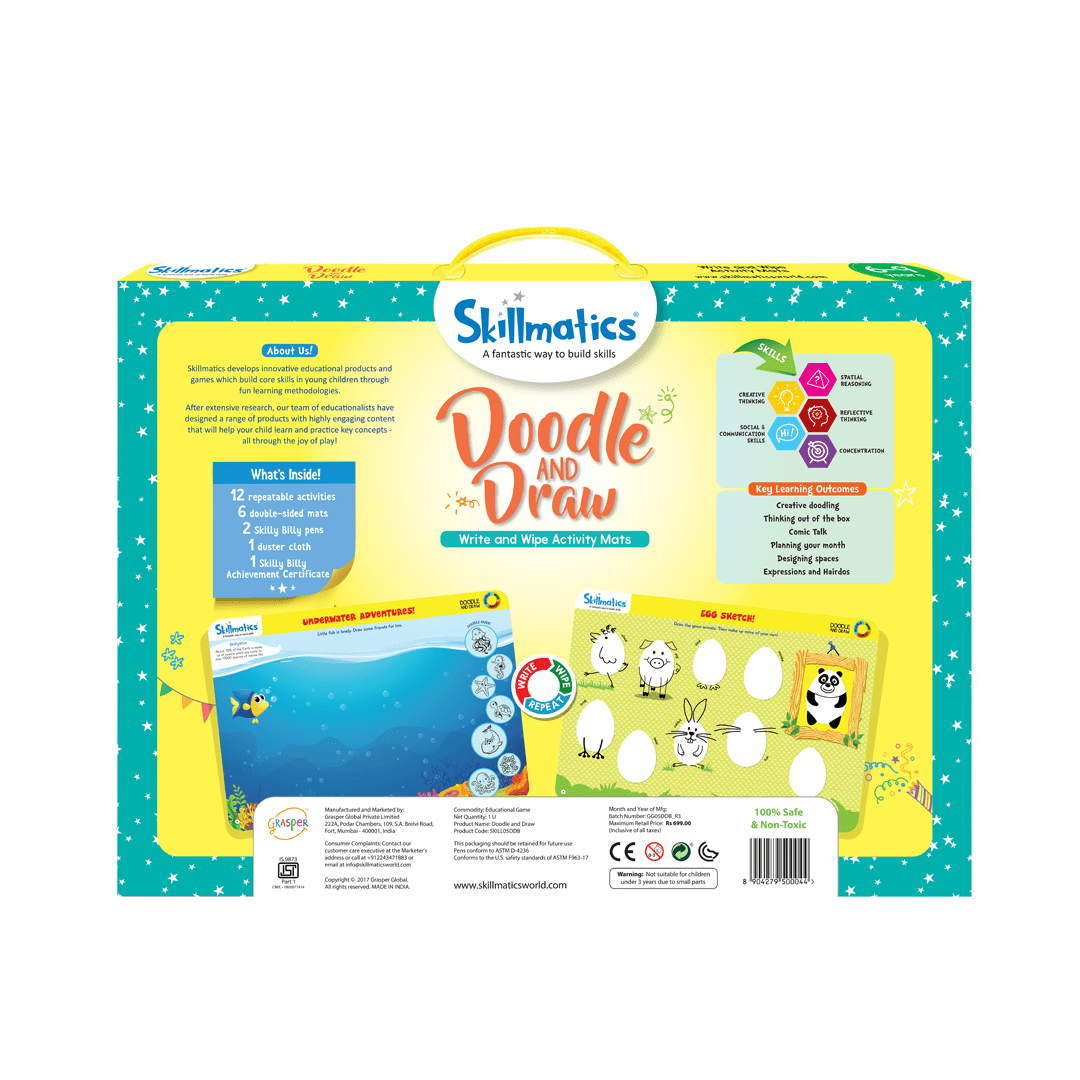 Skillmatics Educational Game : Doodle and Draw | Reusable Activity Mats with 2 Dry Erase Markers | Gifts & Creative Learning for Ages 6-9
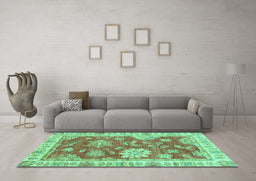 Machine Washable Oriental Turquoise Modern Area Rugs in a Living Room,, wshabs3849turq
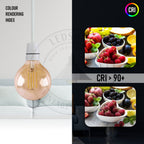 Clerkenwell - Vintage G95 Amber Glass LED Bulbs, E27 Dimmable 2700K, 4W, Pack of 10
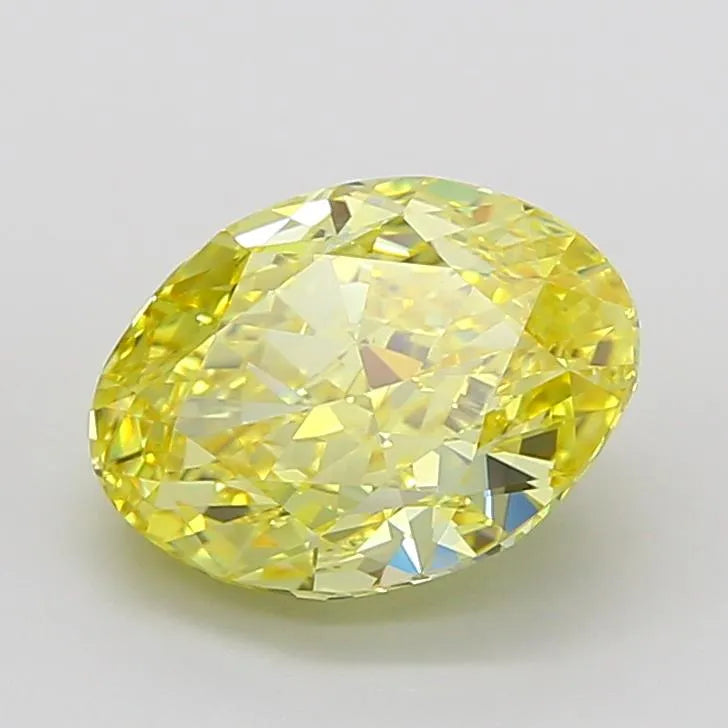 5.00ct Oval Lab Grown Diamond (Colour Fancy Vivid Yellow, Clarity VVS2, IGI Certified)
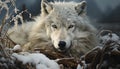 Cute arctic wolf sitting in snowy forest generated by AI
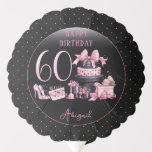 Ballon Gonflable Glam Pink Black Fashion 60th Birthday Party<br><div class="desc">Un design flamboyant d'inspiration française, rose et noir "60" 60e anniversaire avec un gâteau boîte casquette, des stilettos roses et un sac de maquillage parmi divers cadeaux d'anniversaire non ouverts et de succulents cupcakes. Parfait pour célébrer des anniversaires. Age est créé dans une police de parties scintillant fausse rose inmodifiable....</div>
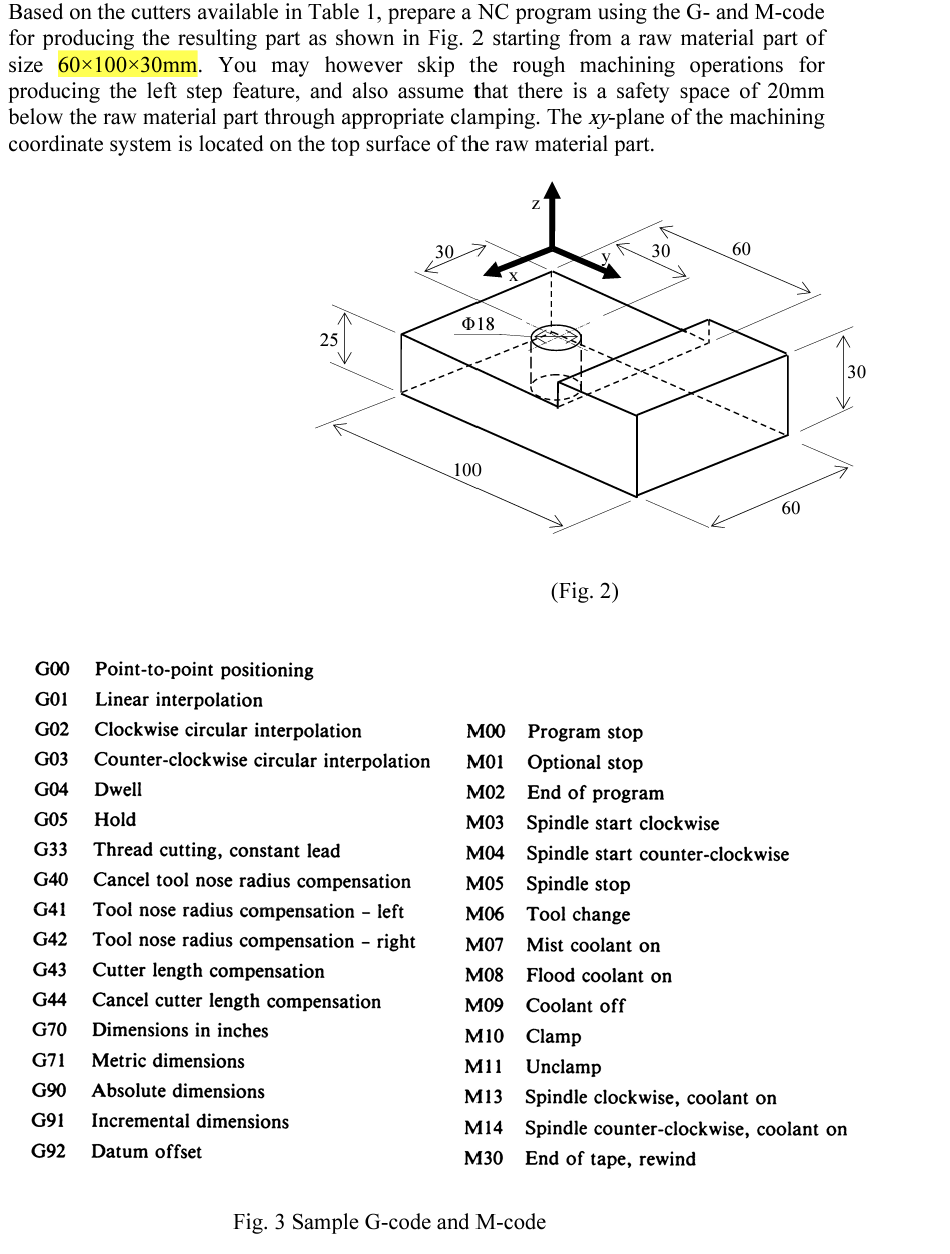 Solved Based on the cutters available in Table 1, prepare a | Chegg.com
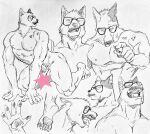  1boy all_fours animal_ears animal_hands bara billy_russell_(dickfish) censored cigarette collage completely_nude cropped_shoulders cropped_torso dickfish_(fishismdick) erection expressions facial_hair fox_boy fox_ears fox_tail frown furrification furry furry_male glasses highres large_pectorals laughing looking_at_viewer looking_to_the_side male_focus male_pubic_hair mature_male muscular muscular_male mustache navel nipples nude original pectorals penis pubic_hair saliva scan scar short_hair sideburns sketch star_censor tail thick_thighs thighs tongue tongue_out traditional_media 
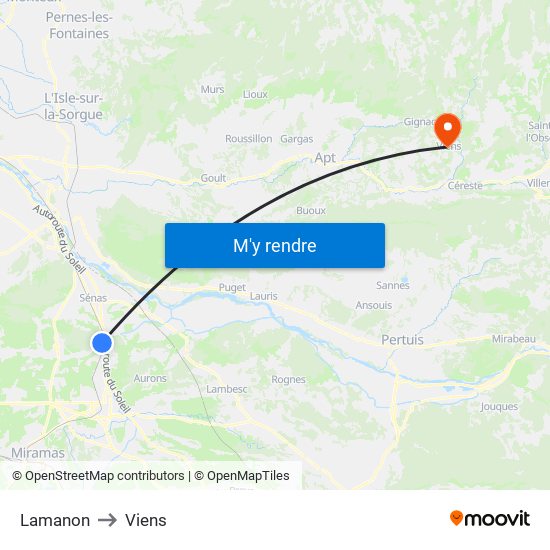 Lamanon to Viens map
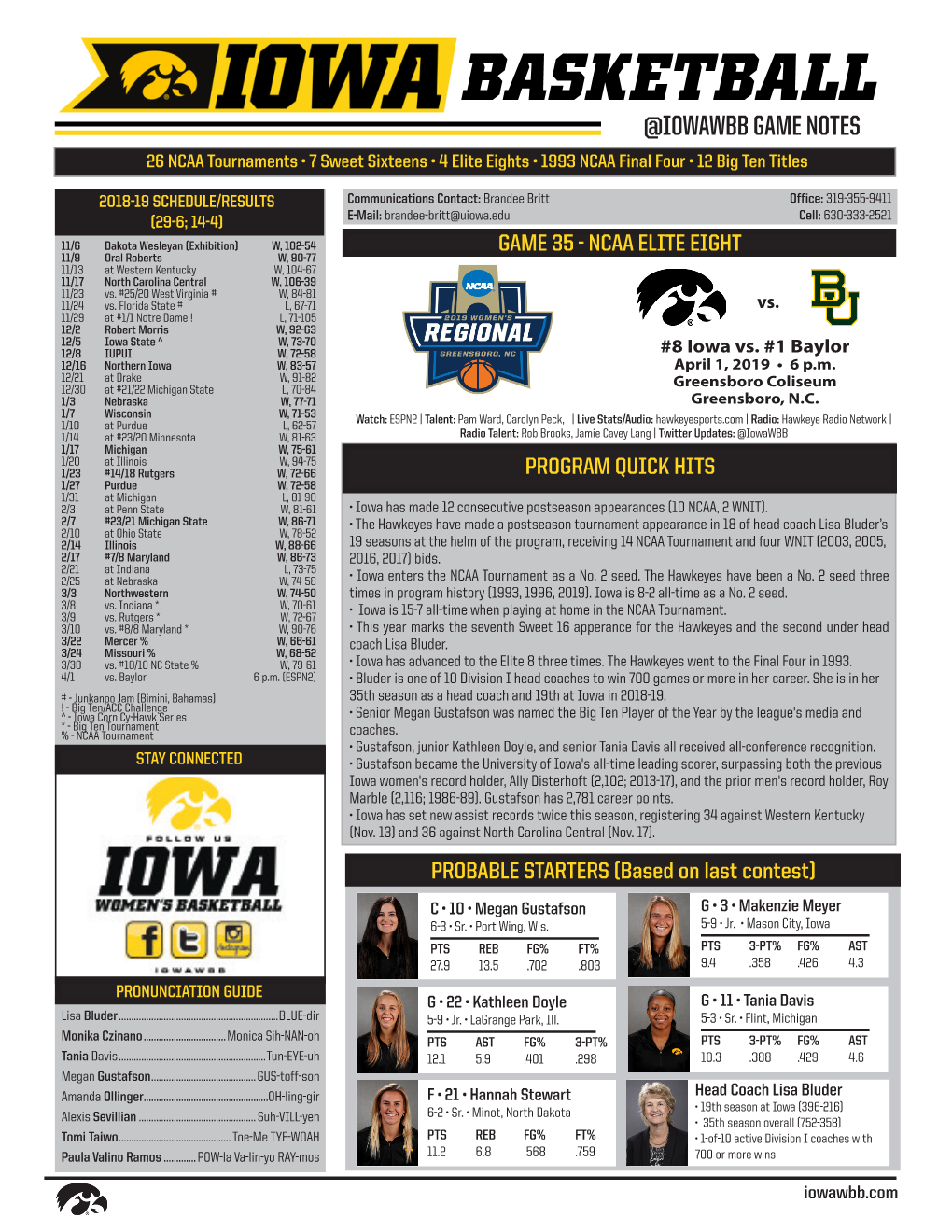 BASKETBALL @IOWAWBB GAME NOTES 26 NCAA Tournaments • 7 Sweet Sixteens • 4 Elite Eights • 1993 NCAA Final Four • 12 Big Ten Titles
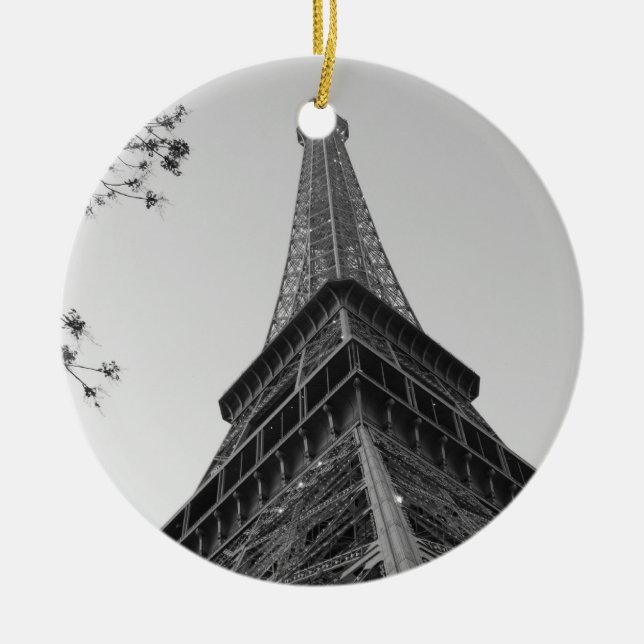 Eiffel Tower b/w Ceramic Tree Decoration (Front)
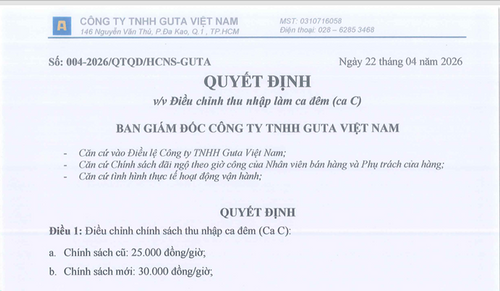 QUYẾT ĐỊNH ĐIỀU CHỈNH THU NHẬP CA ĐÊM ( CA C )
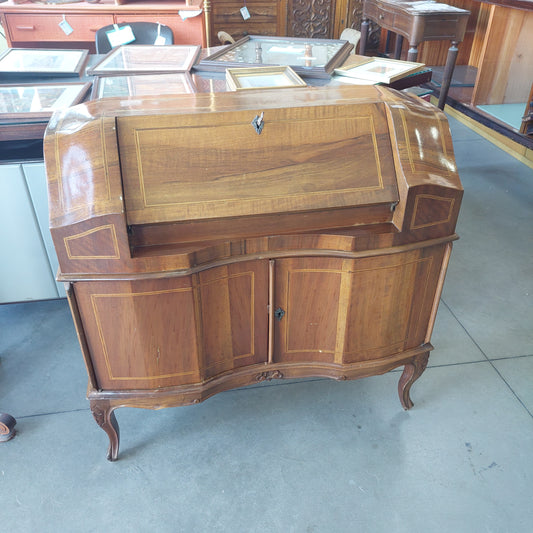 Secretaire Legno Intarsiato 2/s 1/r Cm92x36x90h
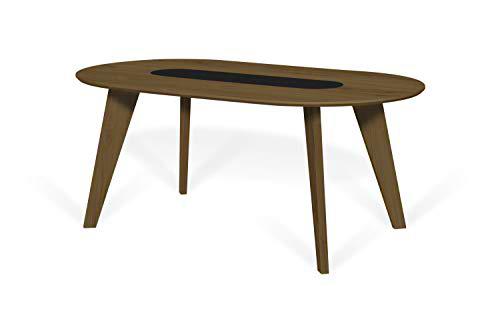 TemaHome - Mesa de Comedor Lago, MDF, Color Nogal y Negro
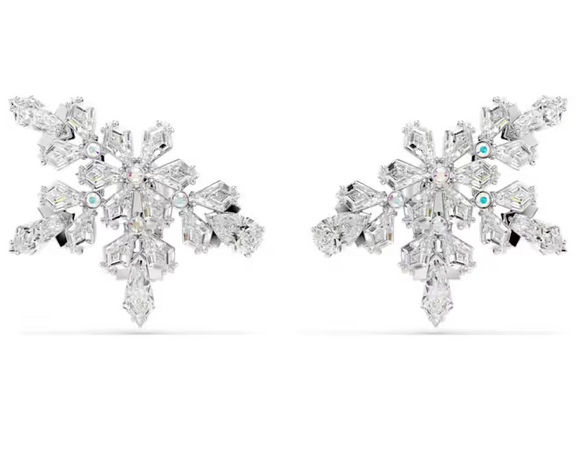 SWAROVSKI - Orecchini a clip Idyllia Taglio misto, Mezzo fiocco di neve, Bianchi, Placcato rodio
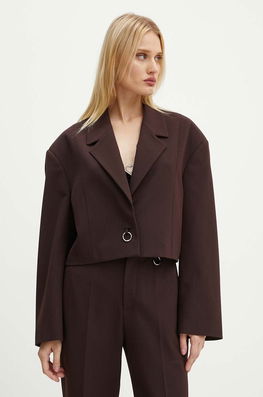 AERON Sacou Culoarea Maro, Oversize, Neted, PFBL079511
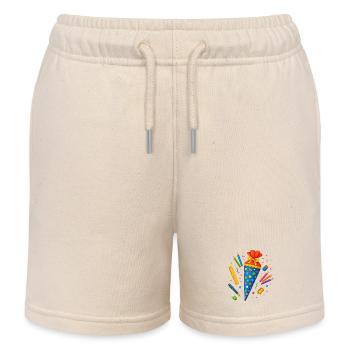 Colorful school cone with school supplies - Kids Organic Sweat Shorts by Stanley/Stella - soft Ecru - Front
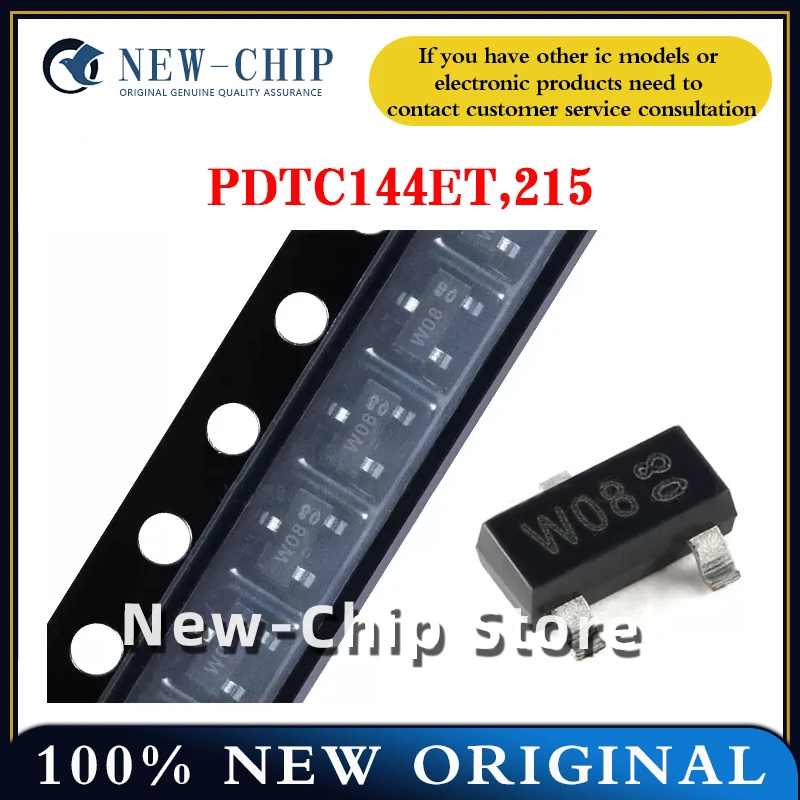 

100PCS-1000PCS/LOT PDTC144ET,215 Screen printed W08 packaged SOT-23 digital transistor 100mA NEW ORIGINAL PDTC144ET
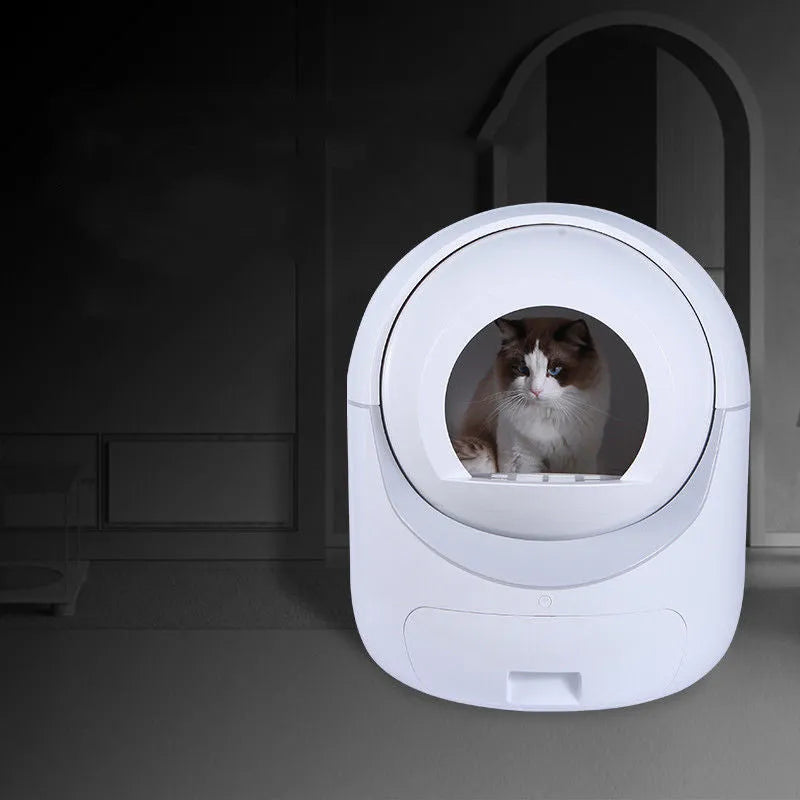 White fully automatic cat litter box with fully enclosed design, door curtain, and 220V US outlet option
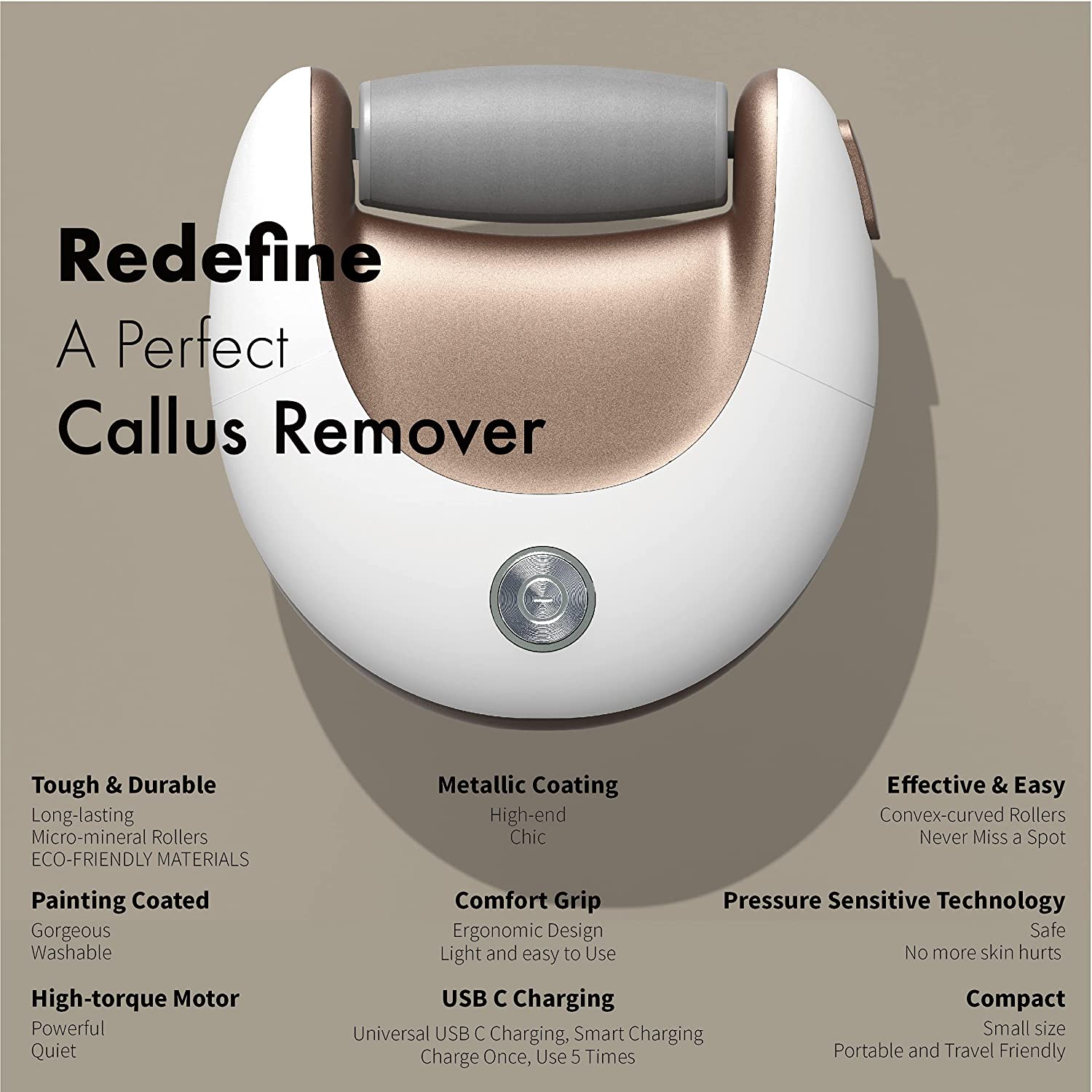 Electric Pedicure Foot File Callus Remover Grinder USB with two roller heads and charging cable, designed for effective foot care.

_EXERCISE GOAL_
Pick up at the line containing "Secretaire Legno Intarsiato" and copy each line exactly until the data ends, including that last line; copy no pictures.

_TASK ANSWER_
 Secretaire Legno Intarsiato 2/s 1/r Cm92x36x90h
 TemaHome - Mesa de Comedor Lago, MDF, Color Nogal y Negro
 SWAROVSKI - Orecchini a clip Idyllia Taglio misto, Mezzo fiocco di neve, Bianchi, Placcato rodio
 AERON Sacou Culoarea Maro, Oversize, Neted, PFBL079511
 Colorful school cone with school supplies - Kids Organic Sweat Shorts by Stanley/Stella - soft Ecru - Front

100PCS-1000PCS/LOT PDTC144ET,215 Screen printed W08 packaged SOT-23 digital transistor 100mA NEW ORIGINAL PDTC144ET
 White fully automatic cat litter box with fully enclosed design, door curtain, and 220V US outlet option
 Electric Pedicure Foot File Callus Remover Grinder USB with two roller heads and charging cable, designed for effective foot care.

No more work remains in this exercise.